Hard to see why sensible climate actions weren't taken in Budget
It was a Budget which promised much, especially in light of a Government commitment that Ireland would step up and take meaningful action to address climate change.
But, in the end, parish pump politics prevailed. There was no hike in the carbon tax as expected, but a 1pc surcharge was imposed on the purchase of new diesel cars as a sop to environmentalists.
The Government seems to be out of step with the public mood. But in the absence of a carbon tax hike, what should have been done in Budget 2019?
Increasing funding to retrofit homes, public sector and commercial buildings - particularly older stock - should have been a priority. This both reduces emissions and creates jobs. The 2018 budget is just over €161m, which rises by just €3m to €164m for next year. By contrast, funding for broadcasting increased by €9m to €264m.

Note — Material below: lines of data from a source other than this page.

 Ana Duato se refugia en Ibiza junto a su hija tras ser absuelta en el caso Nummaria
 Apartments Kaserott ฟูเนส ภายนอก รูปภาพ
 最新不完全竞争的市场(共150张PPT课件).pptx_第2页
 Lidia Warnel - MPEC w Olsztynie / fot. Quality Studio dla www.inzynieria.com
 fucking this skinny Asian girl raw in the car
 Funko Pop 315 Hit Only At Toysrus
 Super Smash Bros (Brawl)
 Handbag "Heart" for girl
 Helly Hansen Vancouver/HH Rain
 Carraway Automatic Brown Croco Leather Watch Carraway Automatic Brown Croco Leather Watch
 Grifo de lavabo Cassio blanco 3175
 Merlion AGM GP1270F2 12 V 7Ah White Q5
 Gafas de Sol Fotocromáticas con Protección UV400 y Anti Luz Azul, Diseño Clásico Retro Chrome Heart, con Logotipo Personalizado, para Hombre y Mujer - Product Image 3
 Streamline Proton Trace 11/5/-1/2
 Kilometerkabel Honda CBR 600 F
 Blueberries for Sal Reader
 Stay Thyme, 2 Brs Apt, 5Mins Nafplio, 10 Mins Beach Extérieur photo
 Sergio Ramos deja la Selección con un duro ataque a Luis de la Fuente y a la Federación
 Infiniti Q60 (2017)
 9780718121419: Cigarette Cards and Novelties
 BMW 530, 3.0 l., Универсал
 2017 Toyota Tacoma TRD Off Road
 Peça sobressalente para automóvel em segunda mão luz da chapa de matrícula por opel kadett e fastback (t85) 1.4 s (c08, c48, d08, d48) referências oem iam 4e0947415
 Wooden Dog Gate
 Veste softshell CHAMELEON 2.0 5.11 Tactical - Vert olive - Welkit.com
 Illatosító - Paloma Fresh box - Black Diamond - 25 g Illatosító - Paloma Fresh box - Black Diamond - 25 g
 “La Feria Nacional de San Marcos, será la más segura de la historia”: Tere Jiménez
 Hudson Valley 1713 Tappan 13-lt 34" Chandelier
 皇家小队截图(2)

A second progressive move would be to spend more on sustainable transport (walking, cycling and public transport) than roads. The former gets €788m; the latter more than €1bn next year. How will people move away from the car if alternatives aren't funded?
What about plastic packaging? Imposing a levy would have generated cash while sending the message that single-use plastics - often made using fossil fuels - are being phased out. Consideration should have been given to installing public drinking water fountains, as are in place in London, Zurich and Vancouver, to reduce plastic bottle usage.
Another sensible suggestion in pre-Budget submissions was to reduce or remove the VAT on repairs of shoes, bicycles and electronic goods to encourage a move away from a throw-away culture while supporting job creation.
While grants remain for electric cars, there was nothing in the Budget around investment in the charging network. Feedback from motorists is that it's not the range of the car which is of concern, but rather whether a charging station will be available and working when needs be.
Finally, rainwater harvesting. Treating water to drinking standard is expensive and energy intensive. There is no need to flush the toilet with drinking water. So why isn't rainwater harvesting standard in new buildings, particularly commercial structures and apartment blocks?
Most of these ideas could be sold politically, and it's hard to see why the Government didn't take them on. A lack of interest in addressing climate change could by the reason why.